IMG_2817I recently watched America’s Test Kitchen’s episode of crock-pot recipes.  Their slow cooked pork tenderloin really caught my eye.  I made it and it is quite delicious.  The classic tastes of pork and cranberry really work together.  It is an easy recipe too, sometimes the recipes that America’s Test Kitchen’s put out are a little fussy- this one is not! I doubled the recipe because I wanted to share some with a friend.

My pork tenderloin looked like it was one large piece, but it was two smaller pieces, I tied them together, but this is optional, I think it would be fine with a few smaller ones.  The meat falls apart in this preparation.  I will be making it again.

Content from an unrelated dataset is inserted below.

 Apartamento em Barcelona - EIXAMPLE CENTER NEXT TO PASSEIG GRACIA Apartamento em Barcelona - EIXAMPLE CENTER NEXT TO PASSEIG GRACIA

Crockpot Pork Tenderloin with Cranberry-Orange Sauce

Serves 10-12 Adapted from America’s Test Kitchen


  • 2 packages pork tenderloin (unseasoned)
  • 1 tsp salt
  • 1 tsp pepper
  • 2 Tbsp canola oil
  • 2 cans whole berry cranberry sauce
  • 1 cup dried cranberries (Craisins)
  • 1 cup orange juice
  • 1/2 tsp cinnamon
  • 6 strips of orange peel (peeled with vegetable peeler avoiding the white pith)
  • 4 Tbsp cold water
  • 1 Tbsp cornstarch


Pat the pork tenderloin and season with salt and pepper

Heat a large skillet over medium high heat and add the oil.  Brown the seasoned pork tenderloin on all sides for about 10-15 minutes total.

In the crock-pot, add the cranberry sauce, dried cranberries, orange juice, cinnamon and orange peel.  Stir to combine.  Add the browned pork to the crock-pot. Cover with a lid and cook on low for 4 hours.  Remove the pork tenderloin to a platter and cover with foil.  Pour the cranberry-orange sauce into a skillet and add a slurry of water and cornstarch to thicken the sauce.

Serve with rice and carrots or other vegetable to round out the meal.